Does this use a thread local approach, or a Go-style ctx parameter? Since it's async I expected to see the ctx approach, unless the underlying async executor/framework also supports a thread local-ish capability?
This is a great question, and the answer is "it's complicated". The core `tracing` libraries don't use either; instead, they provide an interface for `Subscriber`s (the pluggable component that collects & records trace data, kind of like a logger but fancier) to implement a way of tracking whatever contexts they care about. The typical approach is for the subscriber to track a current span per thread, but they could implement something else.
`tracing` instruments futures by wrapping them with a future combinator that enters a span each time the future is polled; the `#[tracing::instrument]` attribute will do the same thing under the hood when used on an `async fn`. This is kind of analogous to the Go-style context parameter, in that the contexts are stored in structures or on the stack, except that users don't have to manually pass the context around.
The core library provides an option to set the `Subscriber` that collects trace data in a scope; this does use thread-local storage. However, the default dispatcher can also be set globally (like the `log` crate), and the use of thread-locals is feature-flagged so it can be turned off by `no-std` users.

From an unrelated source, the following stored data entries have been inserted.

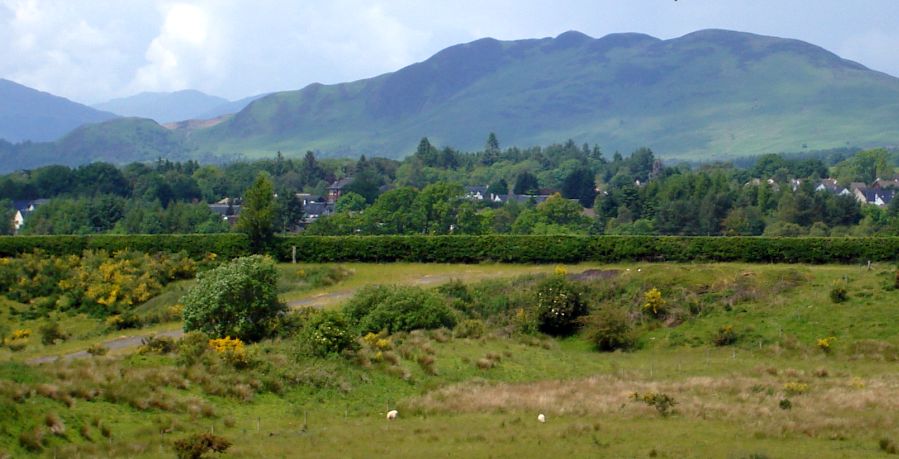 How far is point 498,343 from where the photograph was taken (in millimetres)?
39750

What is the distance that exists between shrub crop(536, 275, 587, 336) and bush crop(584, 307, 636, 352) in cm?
215

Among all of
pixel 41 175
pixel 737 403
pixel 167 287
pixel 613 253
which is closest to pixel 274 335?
pixel 737 403

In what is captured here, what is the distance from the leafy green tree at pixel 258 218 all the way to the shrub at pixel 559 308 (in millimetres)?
21623

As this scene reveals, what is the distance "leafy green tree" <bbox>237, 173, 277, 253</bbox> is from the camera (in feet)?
200

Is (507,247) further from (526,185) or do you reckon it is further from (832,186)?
(832,186)

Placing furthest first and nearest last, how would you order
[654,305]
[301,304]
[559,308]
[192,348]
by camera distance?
1. [301,304]
2. [654,305]
3. [559,308]
4. [192,348]

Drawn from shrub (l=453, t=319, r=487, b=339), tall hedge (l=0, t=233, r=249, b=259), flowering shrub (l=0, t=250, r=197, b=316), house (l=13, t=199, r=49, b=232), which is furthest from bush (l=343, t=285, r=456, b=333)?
house (l=13, t=199, r=49, b=232)

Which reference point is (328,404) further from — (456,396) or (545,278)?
(545,278)

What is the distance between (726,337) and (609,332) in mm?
4440

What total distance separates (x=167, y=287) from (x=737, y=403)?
117ft

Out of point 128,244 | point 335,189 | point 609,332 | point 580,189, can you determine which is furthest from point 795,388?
point 335,189

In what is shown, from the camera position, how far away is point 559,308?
44.5m

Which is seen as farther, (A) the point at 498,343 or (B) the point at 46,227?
(B) the point at 46,227

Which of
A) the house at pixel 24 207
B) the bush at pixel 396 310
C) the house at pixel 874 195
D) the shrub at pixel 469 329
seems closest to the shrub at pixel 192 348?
the bush at pixel 396 310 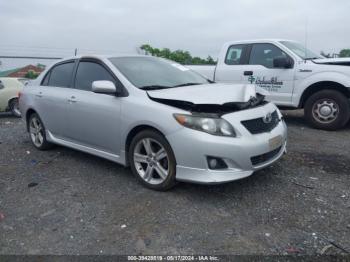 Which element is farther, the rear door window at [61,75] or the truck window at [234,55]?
the truck window at [234,55]

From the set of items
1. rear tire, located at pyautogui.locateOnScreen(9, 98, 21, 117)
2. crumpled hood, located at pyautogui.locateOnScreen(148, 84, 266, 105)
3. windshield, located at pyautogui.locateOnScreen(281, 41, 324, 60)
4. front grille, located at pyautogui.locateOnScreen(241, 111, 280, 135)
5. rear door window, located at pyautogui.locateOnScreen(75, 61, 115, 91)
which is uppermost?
windshield, located at pyautogui.locateOnScreen(281, 41, 324, 60)

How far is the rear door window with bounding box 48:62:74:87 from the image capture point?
530 centimetres

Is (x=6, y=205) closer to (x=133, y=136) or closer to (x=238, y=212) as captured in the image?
(x=133, y=136)

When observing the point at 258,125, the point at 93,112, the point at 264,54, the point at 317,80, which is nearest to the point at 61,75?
the point at 93,112

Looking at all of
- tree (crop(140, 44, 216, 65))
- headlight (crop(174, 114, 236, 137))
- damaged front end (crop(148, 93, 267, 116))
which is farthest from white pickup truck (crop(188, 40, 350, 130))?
tree (crop(140, 44, 216, 65))

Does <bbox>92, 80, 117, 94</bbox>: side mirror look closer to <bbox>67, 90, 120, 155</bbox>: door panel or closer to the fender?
<bbox>67, 90, 120, 155</bbox>: door panel

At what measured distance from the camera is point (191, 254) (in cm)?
288

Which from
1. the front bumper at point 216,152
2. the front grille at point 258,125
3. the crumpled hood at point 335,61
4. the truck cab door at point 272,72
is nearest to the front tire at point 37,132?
the front bumper at point 216,152

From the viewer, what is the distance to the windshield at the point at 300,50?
7.65m

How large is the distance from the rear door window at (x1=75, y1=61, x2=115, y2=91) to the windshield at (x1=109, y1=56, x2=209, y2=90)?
0.62ft

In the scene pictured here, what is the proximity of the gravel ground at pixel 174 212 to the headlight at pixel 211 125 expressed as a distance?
76 centimetres

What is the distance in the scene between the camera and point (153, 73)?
4.70 metres

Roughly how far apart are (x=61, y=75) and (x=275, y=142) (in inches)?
135

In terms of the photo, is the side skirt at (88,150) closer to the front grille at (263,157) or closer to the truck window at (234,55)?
the front grille at (263,157) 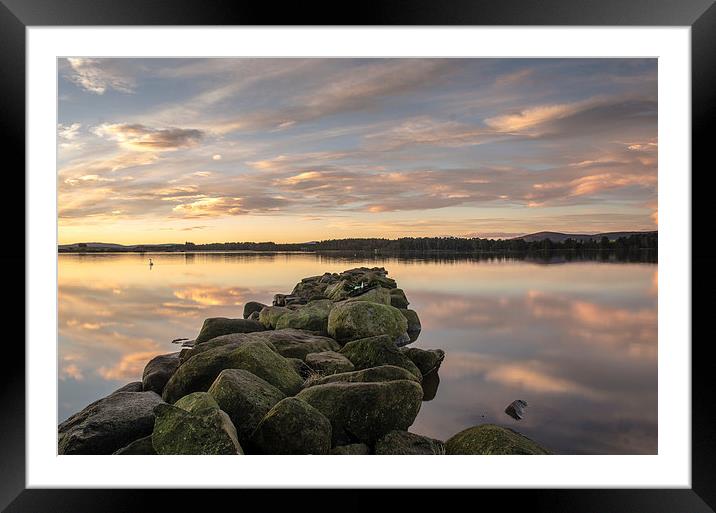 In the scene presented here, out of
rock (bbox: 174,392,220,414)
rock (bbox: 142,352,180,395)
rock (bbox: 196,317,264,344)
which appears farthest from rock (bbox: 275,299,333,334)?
rock (bbox: 174,392,220,414)

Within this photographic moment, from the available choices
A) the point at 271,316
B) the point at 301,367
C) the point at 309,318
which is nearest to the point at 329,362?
the point at 301,367

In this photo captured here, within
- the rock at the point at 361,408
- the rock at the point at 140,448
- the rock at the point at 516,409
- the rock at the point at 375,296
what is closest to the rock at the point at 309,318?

Finally, I have some thoughts on an abstraction for "context-local" storage that allows the user to customize the context that's used to shard the data. This could be used like a user-space version of OS thread-locals when threads are present, but it could also be used by bare metal code for (say) having a context for each CPU core. This would allow subscriber implementations to track a span per thread by default, but let embedded or kernel-mode users override this without having to reimplement the rest of the subscriber logic. This is still in the early stages though.
Hope that all makes sense; I'm happy to answer any further questions!